◆ **Records provided**
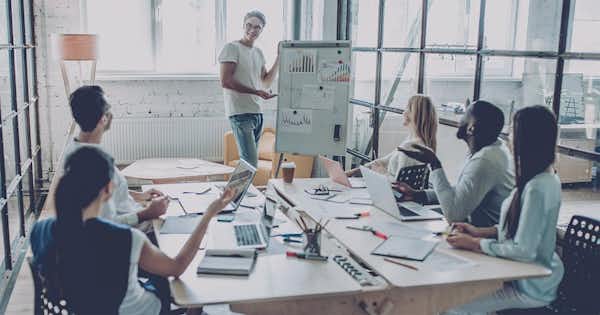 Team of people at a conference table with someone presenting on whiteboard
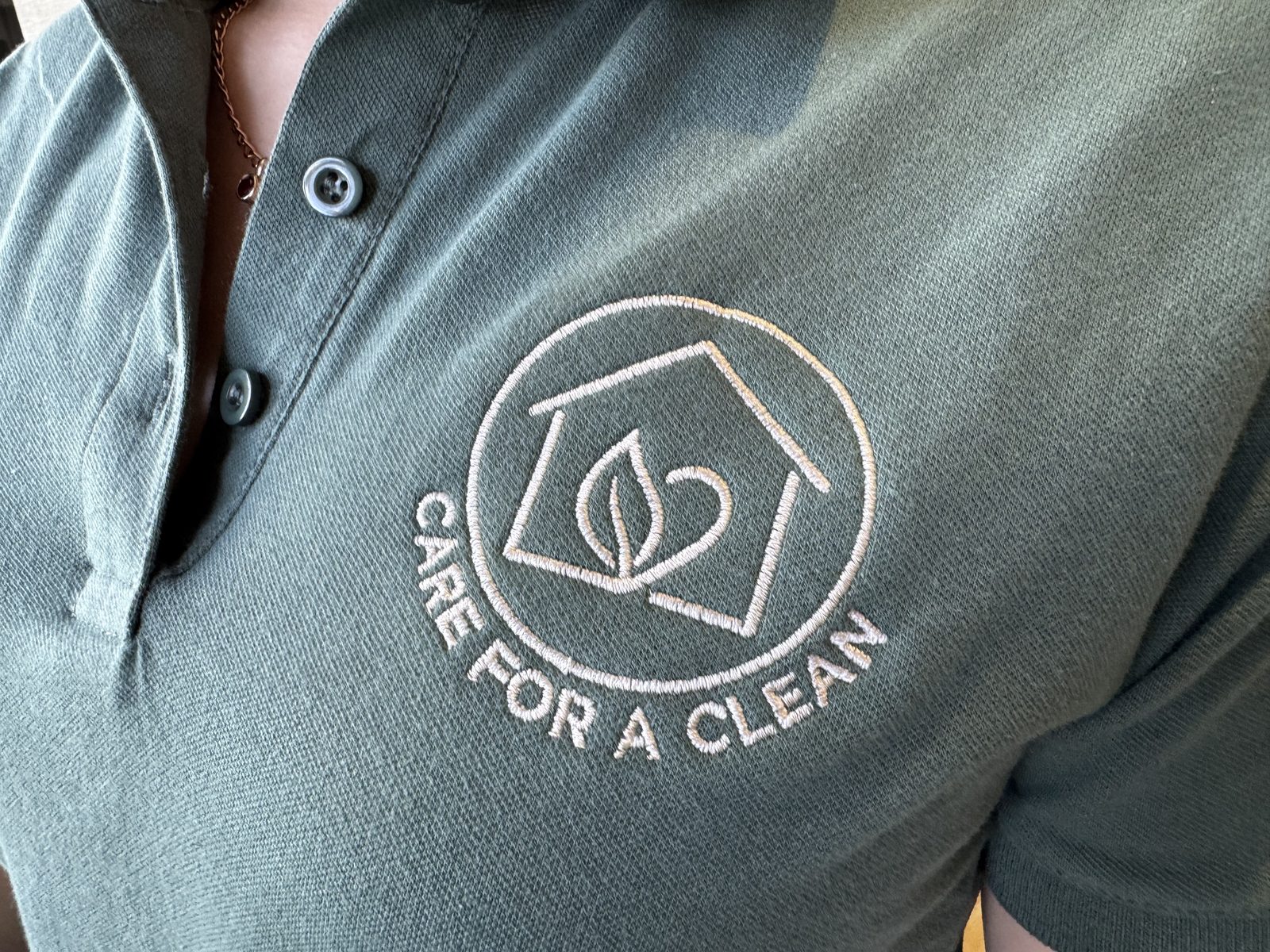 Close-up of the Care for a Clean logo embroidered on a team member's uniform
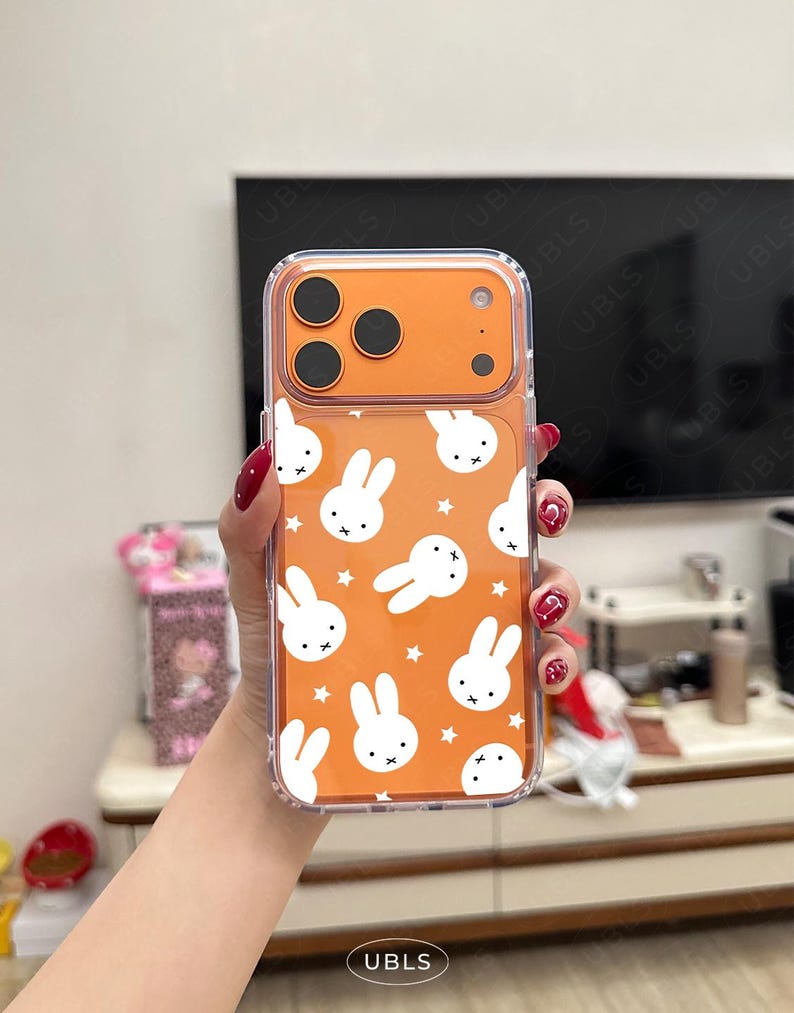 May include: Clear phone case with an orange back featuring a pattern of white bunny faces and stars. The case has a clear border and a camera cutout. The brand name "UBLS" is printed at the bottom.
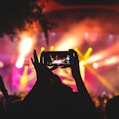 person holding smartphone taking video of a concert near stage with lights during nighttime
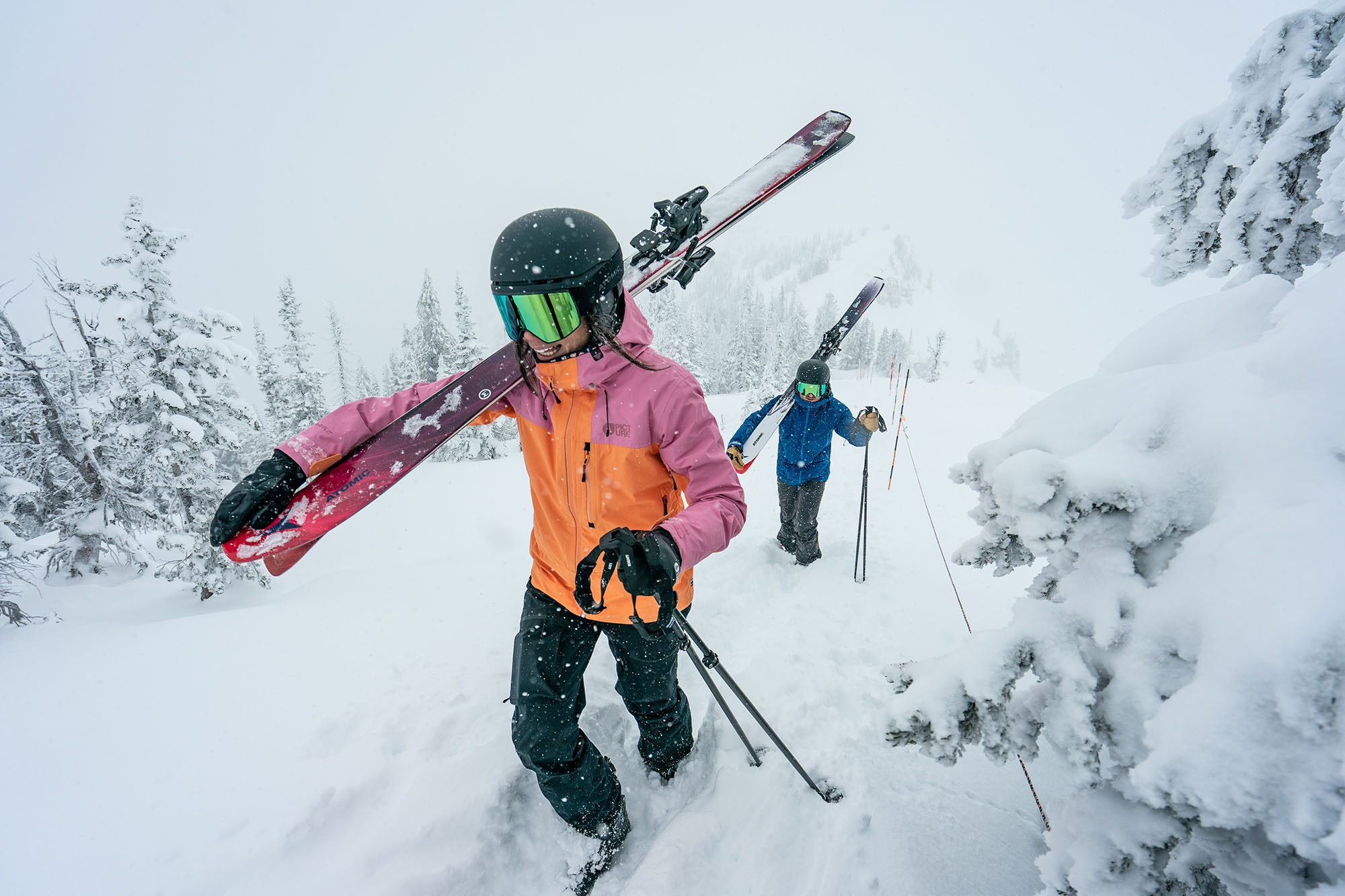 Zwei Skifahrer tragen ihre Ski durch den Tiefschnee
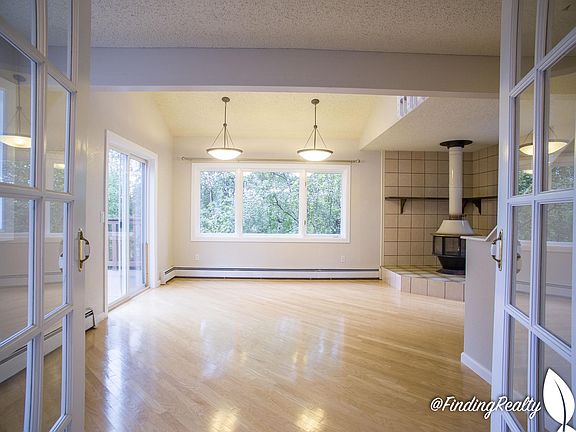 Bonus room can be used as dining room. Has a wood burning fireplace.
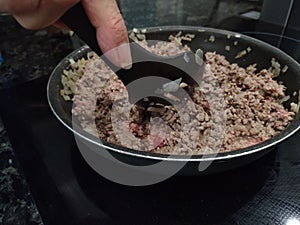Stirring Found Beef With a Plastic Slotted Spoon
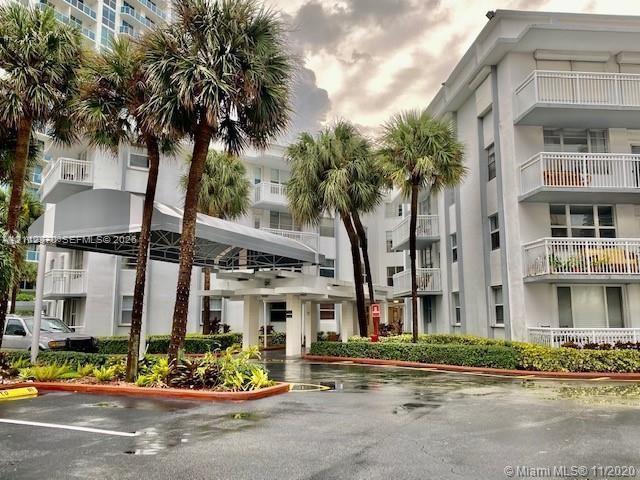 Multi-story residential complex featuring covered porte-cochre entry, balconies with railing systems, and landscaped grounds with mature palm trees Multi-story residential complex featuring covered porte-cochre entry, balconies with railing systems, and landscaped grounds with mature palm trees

◆ **What the task asks**
Only the lines from the one containing "Bonus room can" through the final line of the material should appear in the answer, copied exactly and without any picture.

◆ **Problem solution**
 Bonus room can be used as dining room. Has a wood burning fireplace.
Stirring Found Beef With a Plastic Slotted Spoon
 Multi-story residential complex featuring covered porte-cochre entry, balconies with railing systems, and landscaped grounds with mature palm trees Multi-story residential complex featuring covered porte-cochre entry, balconies with railing systems, and landscaped grounds with mature palm trees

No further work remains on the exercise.